Task to carry out
Would you repeat, exactly as given, the line with "What Do Robins" and every line after it to the end of the entries?
Start of Data for review
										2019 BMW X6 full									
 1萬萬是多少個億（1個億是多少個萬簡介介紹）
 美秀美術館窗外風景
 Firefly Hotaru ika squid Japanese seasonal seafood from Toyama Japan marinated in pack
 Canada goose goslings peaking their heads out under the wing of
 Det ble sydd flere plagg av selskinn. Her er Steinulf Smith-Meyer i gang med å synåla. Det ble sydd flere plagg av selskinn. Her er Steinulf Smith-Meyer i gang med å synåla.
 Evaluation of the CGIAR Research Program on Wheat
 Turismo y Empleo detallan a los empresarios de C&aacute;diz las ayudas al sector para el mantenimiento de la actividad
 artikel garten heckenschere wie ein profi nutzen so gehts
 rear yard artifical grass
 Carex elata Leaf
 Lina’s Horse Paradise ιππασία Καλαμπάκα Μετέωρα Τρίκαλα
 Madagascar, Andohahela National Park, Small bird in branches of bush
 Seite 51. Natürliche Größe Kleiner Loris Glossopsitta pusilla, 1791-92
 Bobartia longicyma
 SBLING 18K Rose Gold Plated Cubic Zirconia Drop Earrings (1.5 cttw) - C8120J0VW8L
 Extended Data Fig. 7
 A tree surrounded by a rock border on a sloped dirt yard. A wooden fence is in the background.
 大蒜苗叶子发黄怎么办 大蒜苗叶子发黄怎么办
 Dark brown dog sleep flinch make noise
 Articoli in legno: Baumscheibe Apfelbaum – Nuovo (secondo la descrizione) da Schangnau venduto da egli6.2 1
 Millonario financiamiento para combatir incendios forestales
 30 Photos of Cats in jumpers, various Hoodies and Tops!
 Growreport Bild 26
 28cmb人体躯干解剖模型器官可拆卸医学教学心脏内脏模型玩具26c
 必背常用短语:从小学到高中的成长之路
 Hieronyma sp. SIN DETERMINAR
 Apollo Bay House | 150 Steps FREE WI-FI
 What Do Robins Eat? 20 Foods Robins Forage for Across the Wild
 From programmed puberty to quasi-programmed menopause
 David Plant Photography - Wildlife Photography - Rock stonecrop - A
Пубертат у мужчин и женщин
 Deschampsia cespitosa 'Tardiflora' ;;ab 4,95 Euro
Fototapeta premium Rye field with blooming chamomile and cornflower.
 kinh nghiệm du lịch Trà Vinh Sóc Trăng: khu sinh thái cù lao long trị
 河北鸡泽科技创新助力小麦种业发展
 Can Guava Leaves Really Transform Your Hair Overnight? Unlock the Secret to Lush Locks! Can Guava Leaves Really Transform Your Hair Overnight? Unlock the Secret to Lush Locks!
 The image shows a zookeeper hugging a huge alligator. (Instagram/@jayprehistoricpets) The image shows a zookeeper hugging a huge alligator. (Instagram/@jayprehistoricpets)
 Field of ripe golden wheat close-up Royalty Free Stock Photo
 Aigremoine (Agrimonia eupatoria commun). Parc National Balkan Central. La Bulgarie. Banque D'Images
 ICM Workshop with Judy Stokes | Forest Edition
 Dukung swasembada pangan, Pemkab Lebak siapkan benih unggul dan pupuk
End of Data for review
Output for this exercise
 What Do Robins Eat? 20 Foods Robins Forage for Across the Wild
 From programmed puberty to quasi-programmed menopause
 David Plant Photography - Wildlife Photography - Rock stonecrop - A
Пубертат у мужчин и женщин
 Deschampsia cespitosa 'Tardiflora' ;;ab 4,95 Euro
Fototapeta premium Rye field with blooming chamomile and cornflower.
 kinh nghiệm du lịch Trà Vinh Sóc Trăng: khu sinh thái cù lao long trị
 河北鸡泽科技创新助力小麦种业发展
 Can Guava Leaves Really Transform Your Hair Overnight? Unlock the Secret to Lush Locks! Can Guava Leaves Really Transform Your Hair Overnight? Unlock the Secret to Lush Locks!
 The image shows a zookeeper hugging a huge alligator. (Instagram/@jayprehistoricpets) The image shows a zookeeper hugging a huge alligator. (Instagram/@jayprehistoricpets)
 Field of ripe golden wheat close-up Royalty Free Stock Photo
 Aigremoine (Agrimonia eupatoria commun). Parc National Balkan Central. La Bulgarie. Banque D'Images
 ICM Workshop with Judy Stokes | Forest Edition
 Dukung swasembada pangan, Pemkab Lebak siapkan benih unggul dan pupuk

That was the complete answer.